Hyphen (-) in XML element is becoming Underscore (_) when converting it into JSON in Ruby


My XML elements have dates separated with hyphens and starting with an underscore to keep the XML valid.

<?xml version="1.0" encoding="UTF-8" ?>
<root>
  <_2018-12-11>
    <USD>1.1379</USD>
    <JPY>128.75</JPY>
    <BGN>1.9558</BGN>
  </_2018-12-11>
  <_2018-12-10>
    <USD>1.1425</USD>
    <JPY>128.79</JPY>
    <BGN>1.9558</BGN>
  </_2018-12-10>
</root>

I converted the document into JSON using Nokogiri and Active Support. Here is the code:-

require 'json'
require 'nokogiri'
require 'active_support/core_ext/hash/conversions'
s = File.read('../data/currency_source.xml')
x = Nokogiri::XML(s)
newX = Hash.from_xml(x.to_s) #Even though I use Hash.from_xml(x).to_json, it throws an error "does not have a valid root"

puts JSON.pretty_generate(newX)

The above code prints information in Hash, the dates should be _2018-12-11 but it is displaying as _2018_12_11.

When I only print the XML, it displays the date element correctly but not after converting it into JSON.

Is there something I can work around to get the Dates in the correct format i.e. separated by hyphens, not underscores?

P.S. I have also tried Crack and CobraVsMongoose. Crack is also producing the same undesired date format. However, CobraVsMongoose is maintaining the hyphens correctly but it is appending $ symbol unnecessarily.


Solution

  • This conversion is explicitly done in the ActiveSupport code for .from_xml.

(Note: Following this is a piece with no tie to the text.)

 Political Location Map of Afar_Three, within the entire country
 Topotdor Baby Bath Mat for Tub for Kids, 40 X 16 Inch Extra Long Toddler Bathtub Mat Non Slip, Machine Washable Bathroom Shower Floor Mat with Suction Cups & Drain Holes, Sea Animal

From the source, the keys of the converted hash are normalized to remove dashes:

    def normalize_keys(params)
      case params
      when Hash
        Hash[params.map { |k, v| [k.to_s.tr("-", "_"), normalize_keys(v)] } ]
      when Array
        params.map { |v| normalize_keys(v) }
      else
        params
      end
    end
    

    There is no comment to explain why this is necessary or desirable, and there is no option/switch to skip the normalization. One possible workaround would be to use a different delimiter (e.g., _2018.12.10) in your XML source keys and then convert them to dashes once you've got them safely into a Hash.